Brown Paper Publishing has been fantastic to work with.
Which aspects of the work you put into the book did you find most difficult?
Given my book is a collection of short stories, it was challenging to find the right stories to compliment each other. If one story tells the tale of a stripper murdered by a financial analyst, the next probably shouldn’t be a story about a murdered stripper, unless of course the book is a collection of dead stripper stories. Something I’ve been kicking around in my head for a while.
Which did you enjoy most?
The writing of the initial stories. Regardless of whether any of my work had ever made it to print I will always be writing. I entertain myself with my stories, which I do realize sounds selfish, but that’s not the point, writing is very therapeutic for me.
What sets the book apart from other things you've written?
I’ve published three novels, this is my first short story collection.
Given the length of the tales, there is a more definitive edge to the writing as I get right to the point. “White Christmas” is a story of a man who believes a co-worker has stolen his cocaine and the piece details his walk across the room to confront the accused. Because this was a short the story needs to keep the focus of what is happening despite the distractions that are incurred as he makes it across the room. Similar to “White Christmas”, the story “Boardroom Romance” answers the age old question of what happens when you mistake Ecstasy for Aspirin and it hits you while in a boardroom meeting.
In what way is it similar?
In a twisted way, my characters are similar in that they’re typically down, then get lower (and sometimes even lower), eventually finding redemption, in the oddest of ways, in the end. In the story “Money Shot” redemption is in the form of shock, the main character committing suicide in order to preserve his space in the adult movie industry. For “Open Mic” where a comic gets laughs in a non-conventional way by adding hallucinogen mushrooms to the food the crowd is eating. My characters from both my novels and short stories always seem to follow this arc in my stories.

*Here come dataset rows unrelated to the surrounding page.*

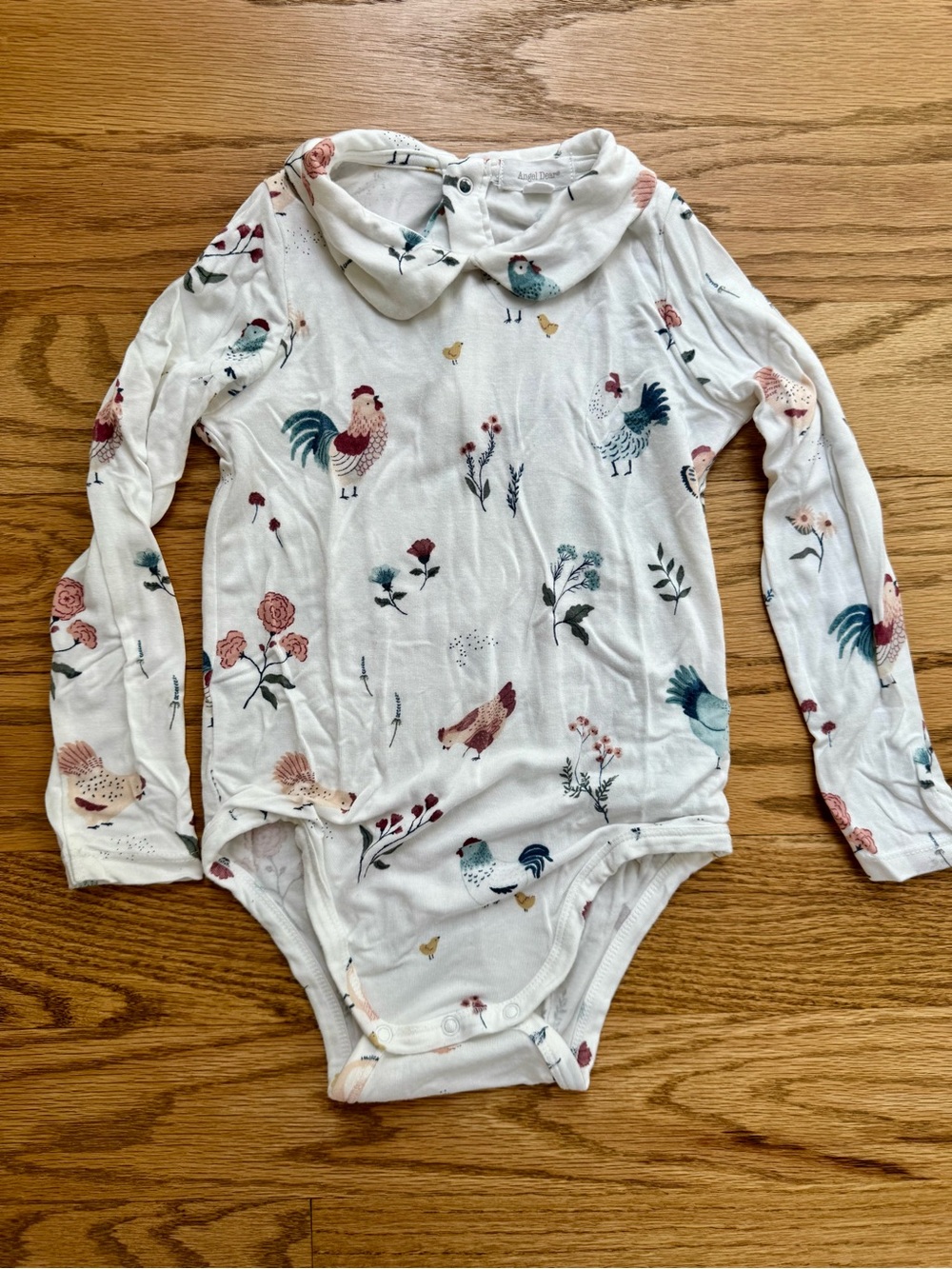Angel Dear White bamboo Long-Sleeve One-Piece Bodysuit Rooster & Floral Print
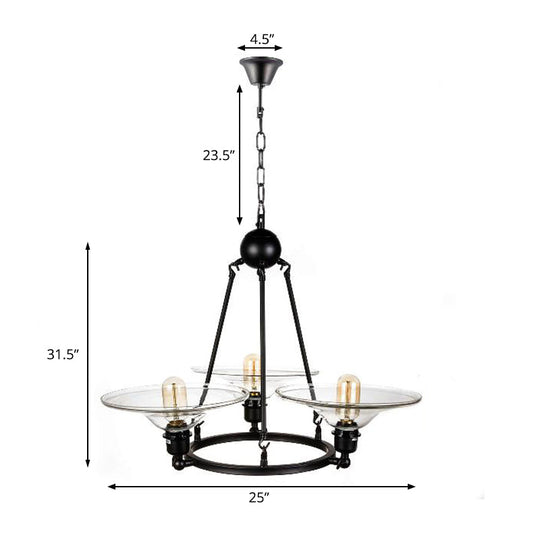 Antique Black Chandelier - 3-Light Clear Glass Cone Pendant Lamp For Living Room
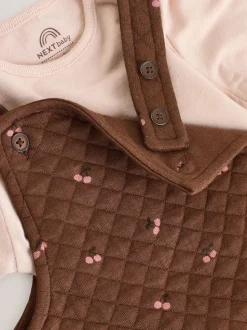 Bruine Kers - Gewatteerde bretelbroek en Bodysuit baby set met 2 Pieces (0mnd -3jr)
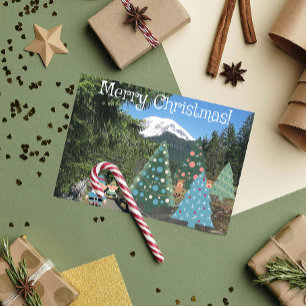 Cartes Pour Fêtes Annuelles Joyeux elfes de Noël et arbres décorés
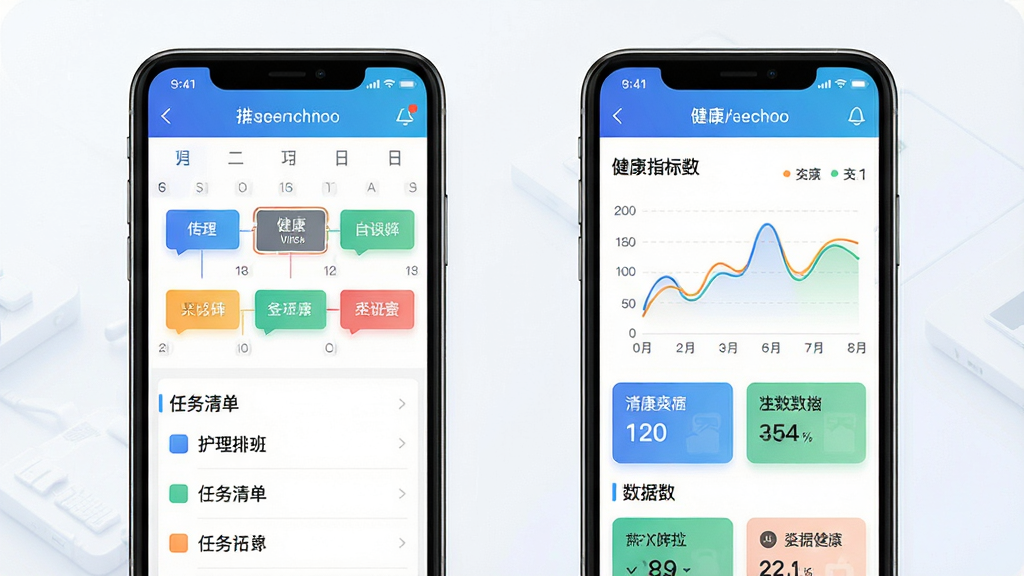 吉总管养老软件排班任务与健康数据界面组合图,画面主体为两部并排的手机,左侧手机显示护理排班日历和任务清单,右侧手机显示健康指标折线图和数据卡片,布局为左右对称展示,风格为现代科技感扁平设计,细节上使用蓝色渐变标题栏、彩色图表和清晰文字标签,画质高清,画面干净,无多余元素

What will your next book be about?
My next book is my drug and rock fueled double novel Bleach/Blackout through Offense Mechanism, an imprint of Silverthought press.
Bleach opens during the last sixty seconds of 2003 in a bathroom where Jeremy, our jaded navigator through the endless repulsiveness of the world, watches a girl lay dying. Before diving into an explanation of what the hell is going on, Jeremy doubles back eight days. The entire story builds up to the climax of Sharon Winkler’s infamous annual New Year’s Eve party, where all the men are dressed as prostitutes, all the women look like pimps, decadence and debauchery dictate the rules, and the next guy through the door is sure to have a gun.
Written in a cynical voice that rings true with today’s young business class, Bleach is a story that encompasses the sentiments of a generation while examining the meaning of life in a world driven by greed.
Blackout begins in Las Vegas, where Stoner and friends celebrate his bachelor party in a blur of strippers, crack cocaine, a little Thai, and Nic Cage. The next morning in Los Angeles brings an unwelcome surprise when Stoner’s friends Chip and Jeremy wake to find police officers and a dead body for which they are allegedly responsible. Chip is charged with murder and his trial is being fast-tracked... What would Steven Tyler do?
Beneath the stories of hangovers and death, this is a story about living for the moment and having a story to tell. Blackout is a fast-paced ride that will leave you wanting more—and maybe a cold beer.
What would you say has been your most significant achievement as a writer?
Anytime a writer completes the first draft of a manuscript I think this is a major achievement.
For me, finishing my first novel was significant for me. The ability to put down my ideas through characters and have a story completed from start to finish was very fulfilling to me.